In brief

  • Tenaga Nasional Berhad reported RM 4.57 billion in losses from illegal crypto-mining activity across 13,827 premises.
  • Authorities earlier flagged a 300 percent jump in crypto-linked power theft and rising cases first discovered back in 2018.
  • Local observers expect tighter monitoring, new licensing lanes, and faster enforcement as Malaysia weighs reforms.

Malaysia’s state electric utility provider, Tenaga Nasional Berhad, said illegal crypto-mining operations have drained roughly $1.1 billion worth of electricity over the past five years. That's a sharp spike from the rising power-theft cases authorities had disclosed earlier in May.

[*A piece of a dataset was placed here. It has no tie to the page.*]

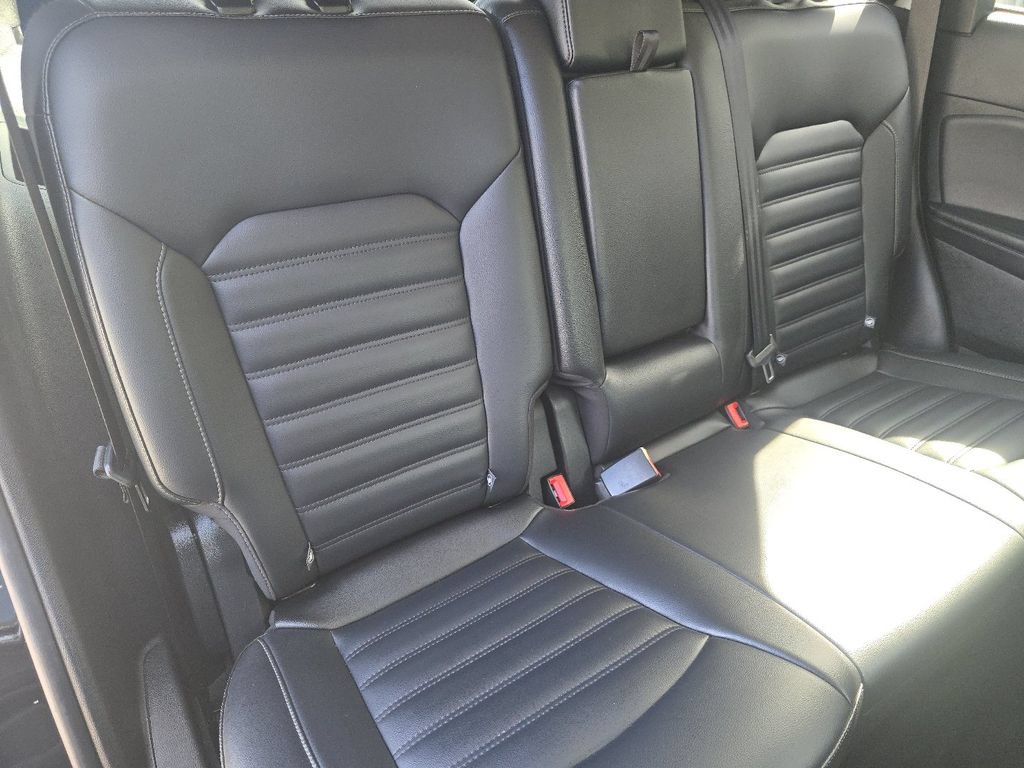 Used 2024 Ford Edge SEL AWD/4WD image 18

Malaysia’s Energy Transition and Water Transformation Ministry told Parliament in a written reply dated Tuesday that 13,827 premises had illegally used electricity to mine crypto since 2020, causing $1.1 billion (RM 4.57 billion) in losses to the state utility provider, according to figures first published by local outlet The Edge Malaysia.

“In an effort to curb this issue, a database that stores complete records of owners and tenants of premises suspected of being involved in electricity theft related to Bitcoin mining activities” had been established by the state utility provider, according to the ministry, as cited in a Reuters report.

The losses reportedly stem from farms that bypassed meters or tapped straight into distribution lines, allowing industrial-scale rigs to run for long stretches without triggering routine monitoring.

Decrypt reached out to Tenaga Nasional Berhad and the Energy Transition and Water Transformation Ministry for comment and will update this article should they respond.

Earlier in May, authorities reported a 300% rise in crypto-linked power theft cases and detailed raids that uncovered farms wired directly into distribution lines, marking the first formal warning that the problem had escalated beyond isolated sites.

Cases of crypto-linked electricity theft in Malaysia were first discovered in 2018, with the number reaching 2,397 cases by 2024, according to the state utility’s data cited by local media in May.

Too big to ignore?

Local observers said weak oversight and outdated load-tracking tools have allowed many of the illicit setups to run uninterrupted.

“Cheap, subsidized electricity and rising Bitcoin prices created the perfect incentive for bad actors to bypass meters. The profit spread was simply too big to ignore,” Gaius, a pseudonymous core contributor at ReadyGamer and at TankDAO, told Decrypt.

He noted their country’s systems were not designed to flag continuous usage, a factor that allowed some operations to go on for months before detection.

“Our metering and monitoring systems weren’t built for the 24/7 industrial loads that crypto-mining creates,” and many of these operations “ran quietly for months before anyone noticed,” Gaius added.

Crypto mining in Malaysia “sits in a regulatory grey zone—legal in principle but poorly defined in practice,” Gaius explained. “That ambiguity made it easy for illegal operators to hide behind crypto as a narrative.”

The disclosures from Malaysian authorities could mark a “shift toward tighter energy-use monitoring, especially at the substation level,” with faster and “data-driven enforcement,” he said.

Regulation on crypto mining might also move toward “a clearer licensing lane for legitimate mining farms” with “proper tariffs, inspections, and registration instead of operating in the shadows.”

Still, there is risk in possible “over-correction” through “policies that conflate crypto with power theft,” Gaius said.

“The challenge is to punish theft without slowing down Malaysia’s digital-economy ambitions,” he opined.